If there’s one thing that the Samoan students of Sancta Maria College have been reminded of during Samoan Language Week for 2018 is that no matter where or how far you go, you can never forget where you come from.

They have carried this strong message with them through an incredibly moving and beautiful week that has seen them get the golden opportunity to embrace and share their Samoan culture with the school community and celebrate its rich history and the many things that make the Samoan language so special.

The theme for this year’s Samoan Language Week was “Alofa atu nei, alofa mai taeao.” Which means kindness given is kindness gained. Samoans like to pride themselves on striving to be friendly and loving people who centre their lives on Christ. And this desire to be good people means that when we share our love with others, we will also be able to receive love and that is what Samoan Language Week is all about – being able to spread alofa with one another.

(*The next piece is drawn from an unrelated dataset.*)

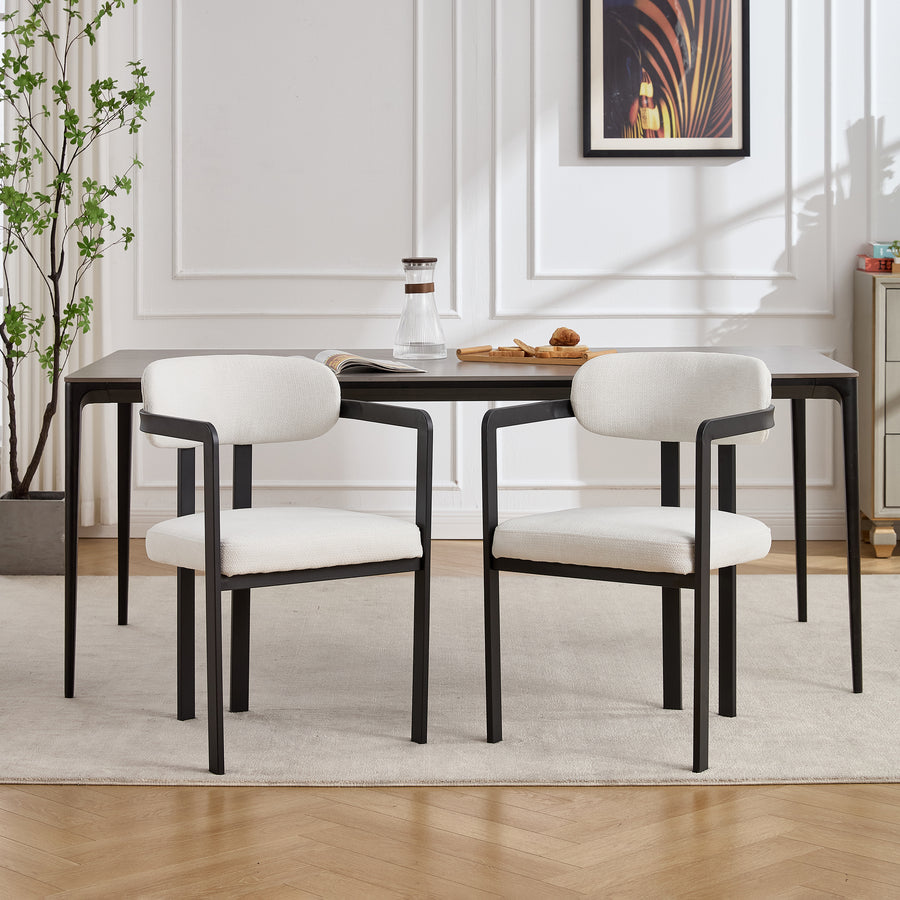 Liora Bouclé Dining Chairs with Black Metal Frame (Set of 2) - Beige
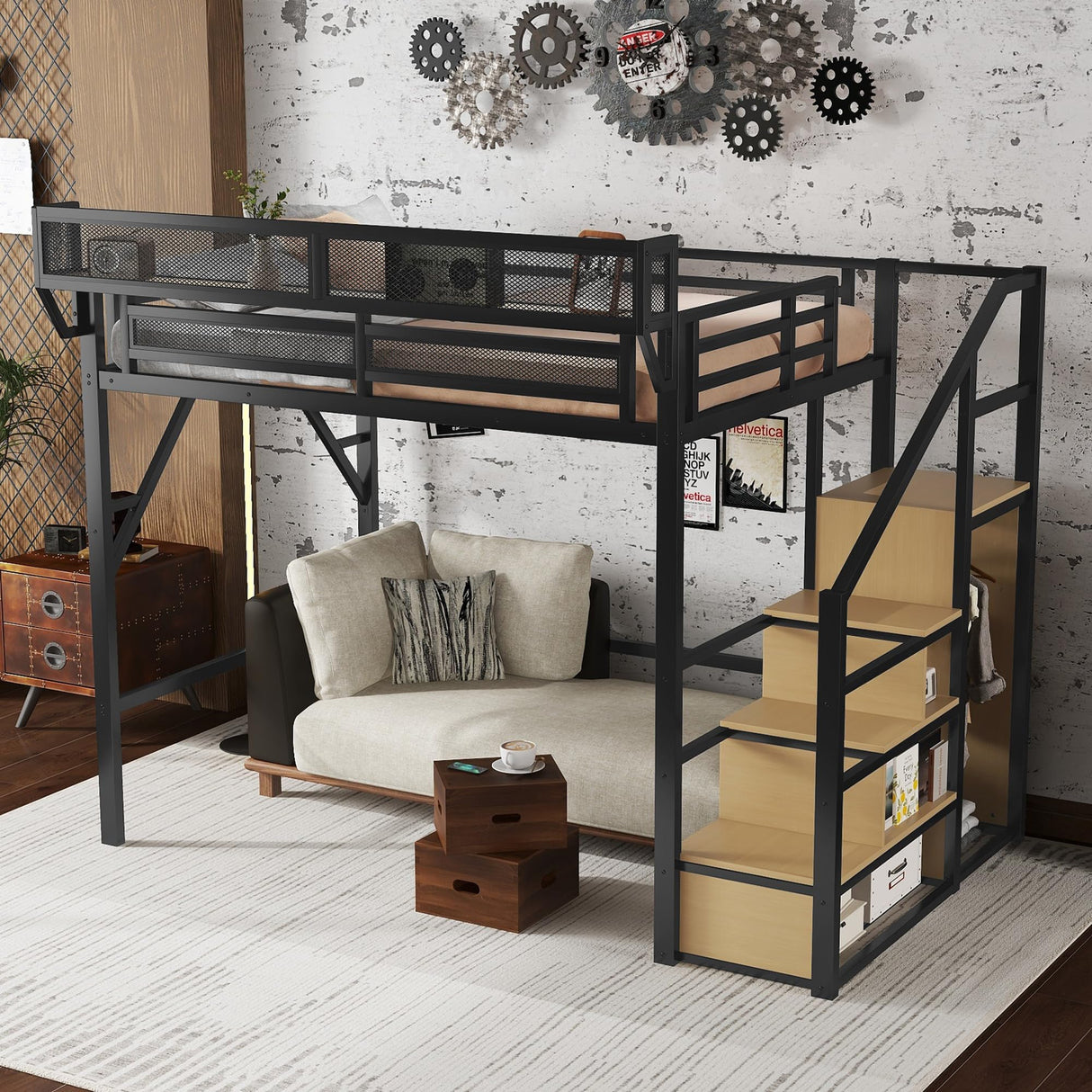 Mirightone Full Size Loft Bed with Stairs, Metal Loft Beds, High Loft Bed Frame with Storage Shelves, Lofted Full Bed with Wardrobe for Kids and Teens, No Box Spring Needed (Black+Natural) Mirightone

It is not very often that the College commemorates Samoan Language Week and this year they went all out, with something held nearly every day of the week. In preparation, a group of Samoan students led by Destiny Mataafa got together to carefully plan performances and a big Samoan lunch.

Music and dance is a way that Samoans like to express themselves and to begin the week, Samoan prayers were read out and a traditional dance was performed at the full school assmbly, which was an amazing experience with a performance of exuberance and vibrancy gracing the stage. The dance was taught by Year 11 student, Nesiah Faalogo Tanoai and her cousin Danielle who took time out of her schedule to come and teach the dancers.

Then on Feast Day the Samoan students wore traditional costume and during the Eucharist sung a Samoan gospel song – ‘The Lord is my light’ by Adeaze. Throughout the week, people from around the school have been learning Samoan words and doing their best to get into the spirit with homeroom teachers and students greeting each other by saying ‘Talofa’.

The week concluded with the College teachers being treated to a delicious and mouth-watering Samoan feast with the foods that are at every Samoan gathering. This included chop suey, taro, coconut buns, pork buns and cocoa rice.

Many thanks to the student leaders and teachers who have been tremendous at putting everything together and for allowing the Samoan students to showcase their unique heritage. Being a minority group at the College, it has been nothing short of inspiring to see so many people wanting to learn, speak and acknowledge the Samoan language. It gives us so much pride in our culture and traditions and we only hope that in the future we will continue to celebrate and recognize Samoan Culture at the College.

Faafetai lava, Ia Manuia Tofa Soifua.